» **Records for the exercise**:

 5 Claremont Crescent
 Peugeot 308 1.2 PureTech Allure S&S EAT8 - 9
==
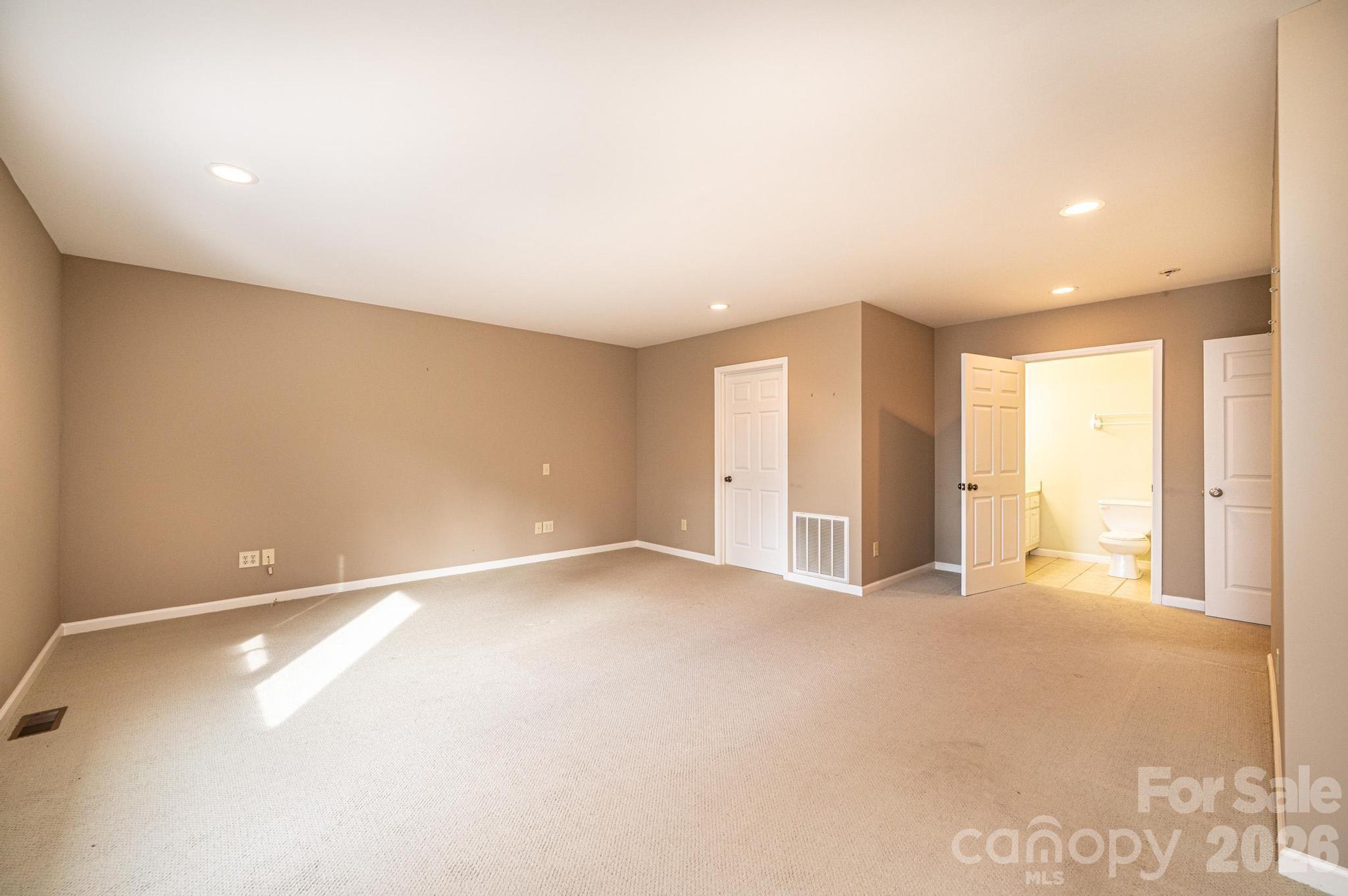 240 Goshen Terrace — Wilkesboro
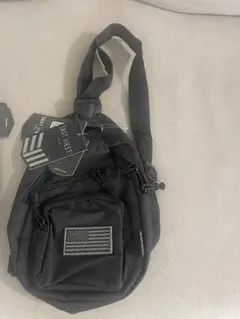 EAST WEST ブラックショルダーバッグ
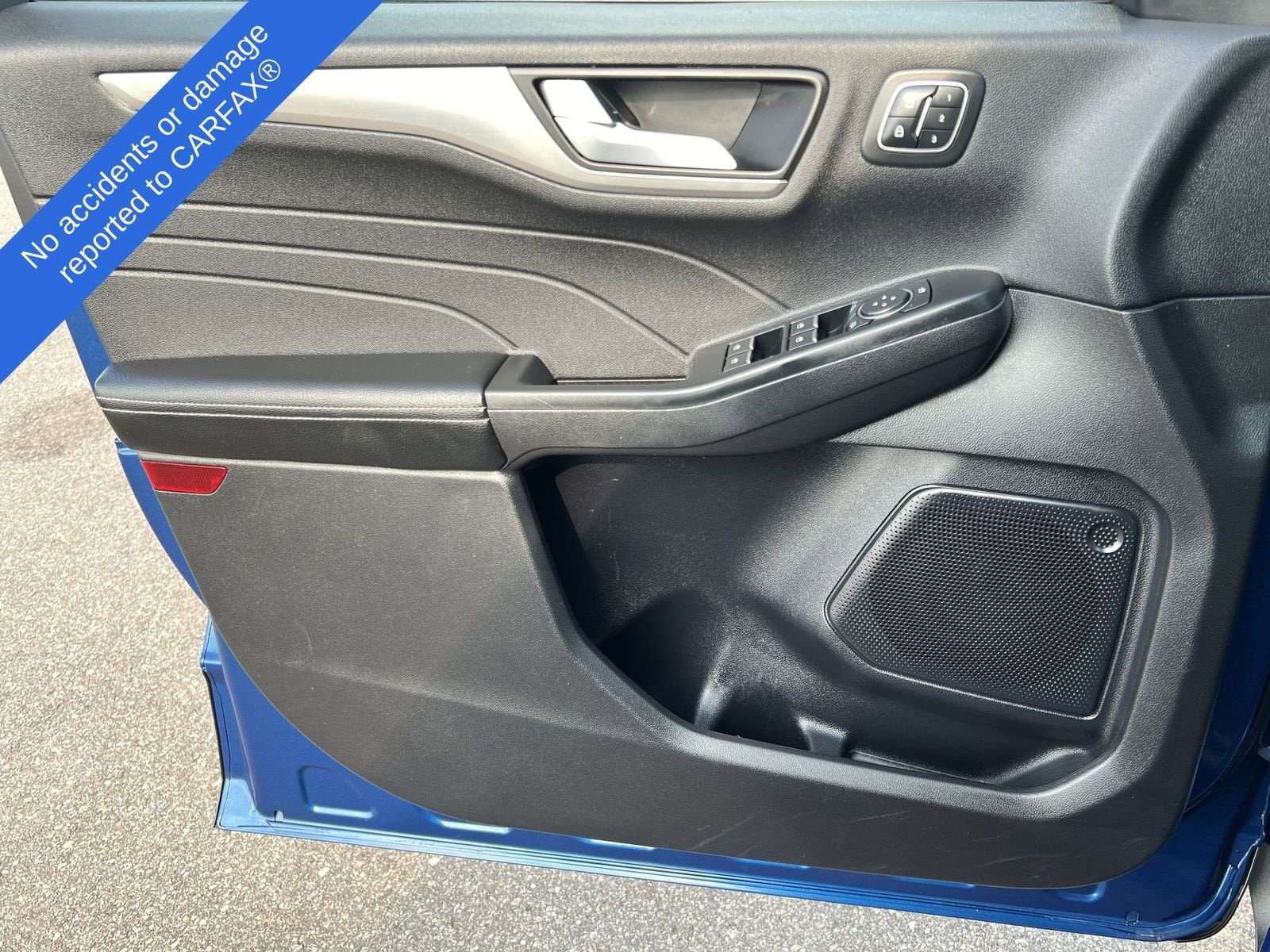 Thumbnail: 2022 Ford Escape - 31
---
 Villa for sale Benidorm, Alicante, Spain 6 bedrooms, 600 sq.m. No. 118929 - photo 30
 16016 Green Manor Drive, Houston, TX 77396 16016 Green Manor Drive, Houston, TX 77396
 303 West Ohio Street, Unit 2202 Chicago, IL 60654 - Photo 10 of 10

» **Directions**:
An exact copy of the lines above, from the one containing "5 Claremont Crescent" down to the one containing "Peugeot 308 1.2 PureTech Allure S&S EAT8 - 9" and including both, is the whole answer; retype it and nothing else.

» **Reply to the task**:
 5 Claremont Crescent
 Peugeot 308 1.2 PureTech Allure S&S EAT8 - 9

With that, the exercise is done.